> _WORK TO COMPLETE_
Reproduce every entry word for word. Drop all pictures from the copy.

##### SOURCE DATA

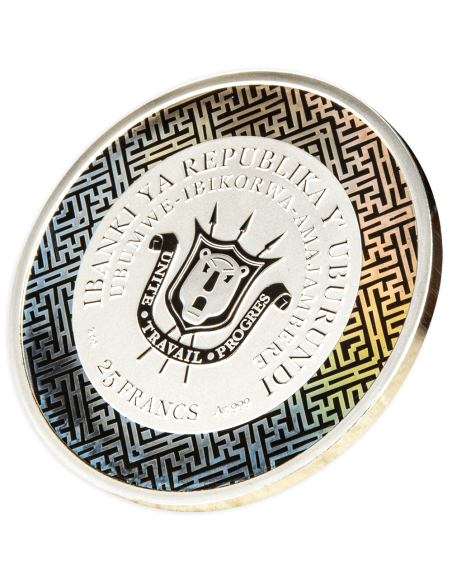 YEAR OF THE HORSE 2 Oz Silver with Jade Coin 25 Francs Burundi 2026 - Coins & More - Burundi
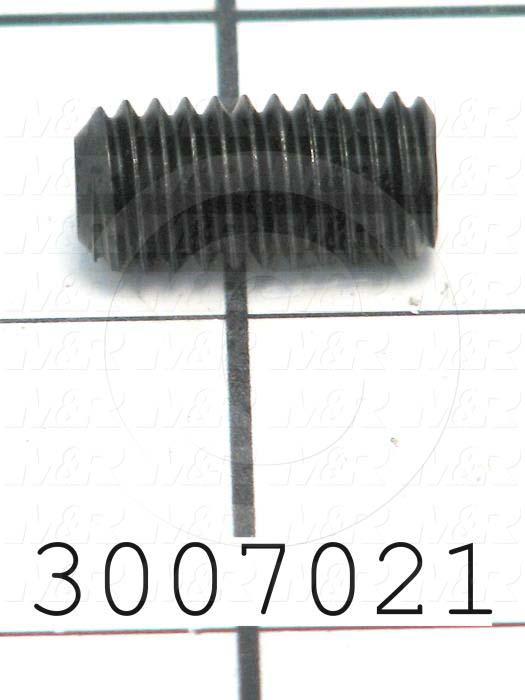 Set Screws, Socket, 3/8-16 Thread Size, 3/4" Length, Cup Point, Steel, Black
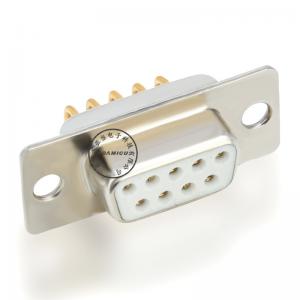 d типа 9-контактный штекерный 90-градусный электрический разъем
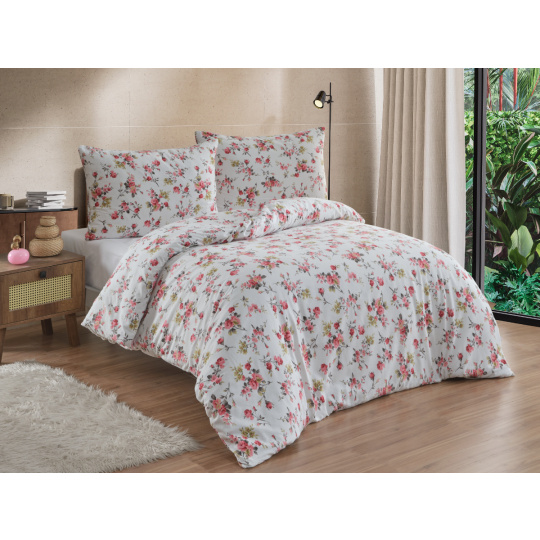 Povlak flanel Rosario red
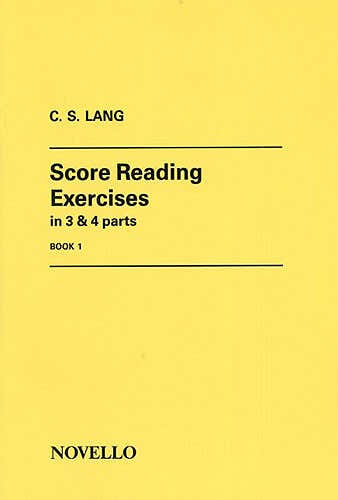 Novello Lang C S - Score Reading Exercises In 3 And 4 Parts Book 1 - Organ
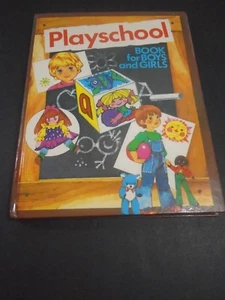 VINTAGE CHILDREN'S BOOK PLAYSCHOOL BOOK FOR BOYS AND GIRLS  - Foto 1 di 7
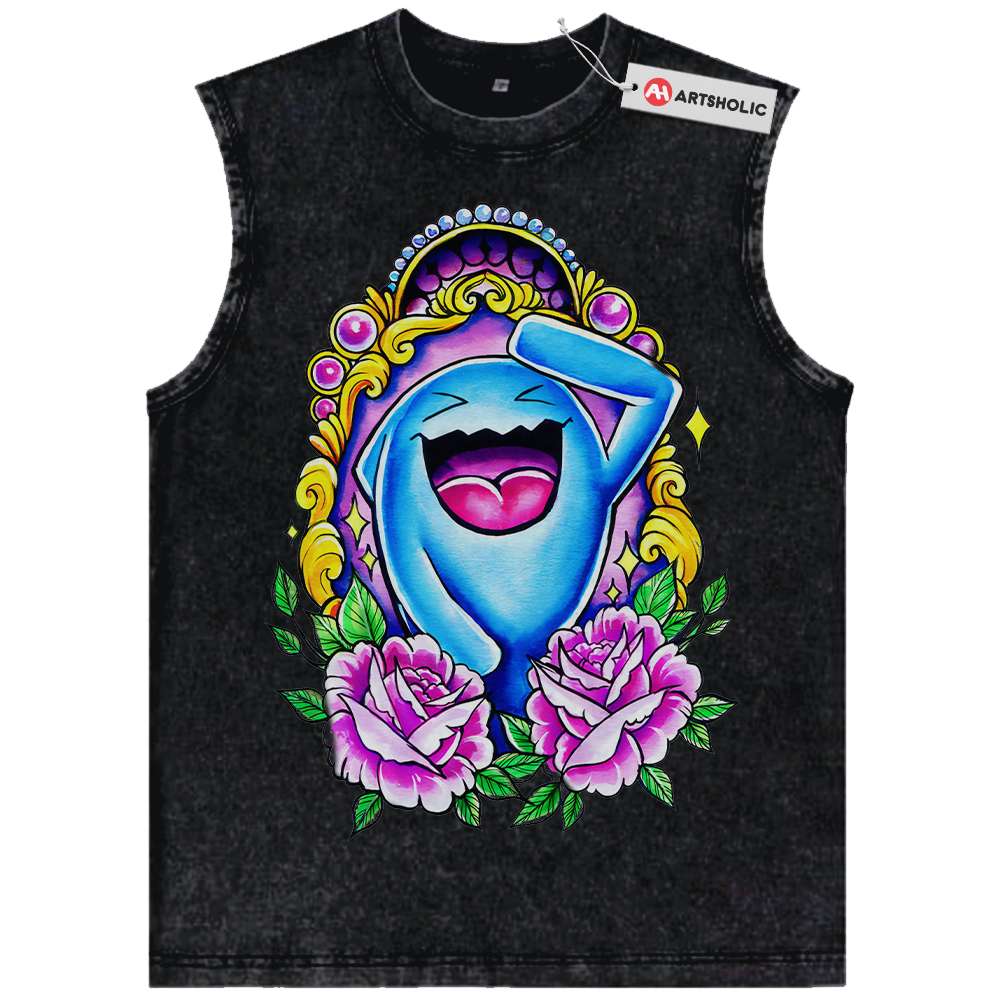 Wobbuffet Tank Top, Pokemon Tank Top Anime Tank Top, Vintage Tank Top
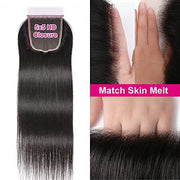 Hair Bundles 12A Yaki Kinky Straight Human Hair 3 Bundles 100% Unprocessed Mongolian Virgin Human Hair Kinky Straight Bundles Yaki Hair Natural Color (12 14 16)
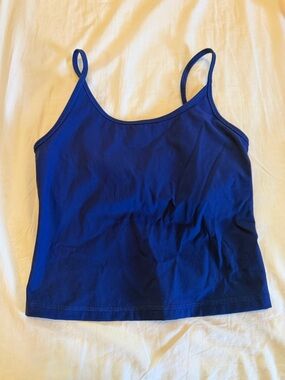 Everlane Royal Blue Spaghetti-Strap shelf bra Camisole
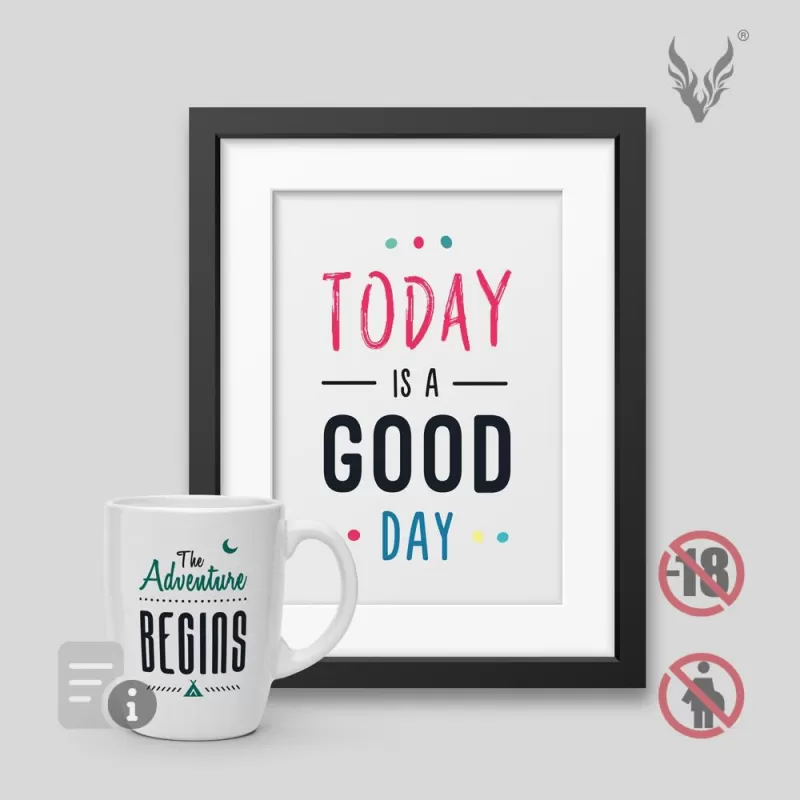 Pack Mug + Framed poster Pack Mug + Framed poster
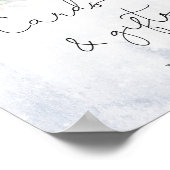 Elegantes Winterkarten- und Geschenkplakat Poster (Ecke)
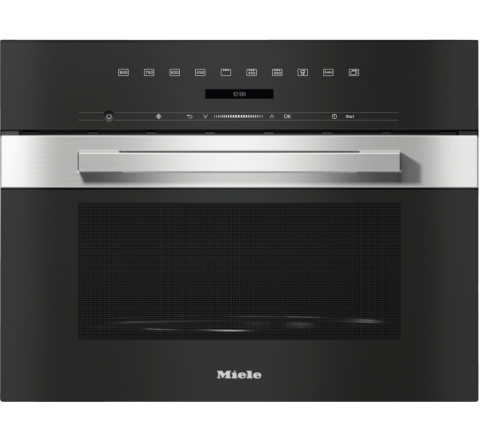 Miele M 7244 TC PureLine CleanSteel Built-in Microwave oven - SKU 11134160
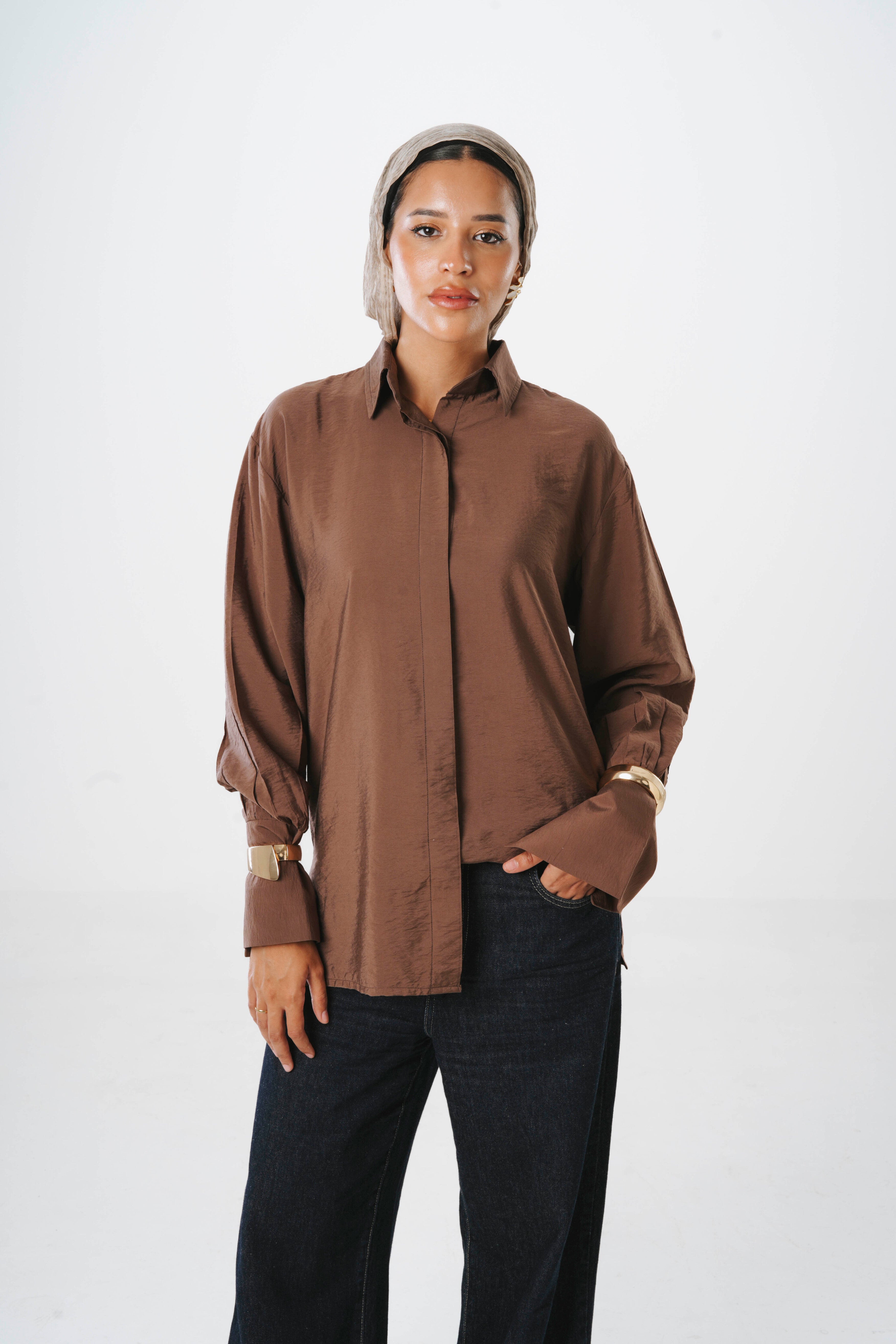 Fosoul Sheer Brown shirt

##########

> _TASK ANSWER_
 YEAR OF THE HORSE 2 Oz Silver with Jade Coin 25 Francs Burundi 2026 - Coins & More - Burundi
 Set Screws, Socket, 3/8-16 Thread Size, 3/4" Length, Cup Point, Steel, Black
 d типа 9-контактный штекерный 90-градусный электрический разъем
 Povlak flanel Rosario red
 Novello Lang C S - Score Reading Exercises In 3 And 4 Parts Book 1 - Organ
 VINTAGE CHILDREN'S BOOK PLAYSCHOOL BOOK FOR BOYS AND GIRLS  - Foto 1 di 7
 Wobbuffet Tank Top, Pokemon Tank Top Anime Tank Top, Vintage Tank Top
 Hair Bundles 12A Yaki Kinky Straight Human Hair 3 Bundles 100% Unprocessed Mongolian Virgin Human Hair Kinky Straight Bundles Yaki Hair Natural Color (12 14 16)
 Everlane Royal Blue Spaghetti-Strap shelf bra Camisole
 Pack Mug + Framed poster Pack Mug + Framed poster
 Elegantes Winterkarten- und Geschenkplakat Poster (Ecke)
 Miele M 7244 TC PureLine CleanSteel Built-in Microwave oven - SKU 11134160
 Fosoul Sheer Brown shirt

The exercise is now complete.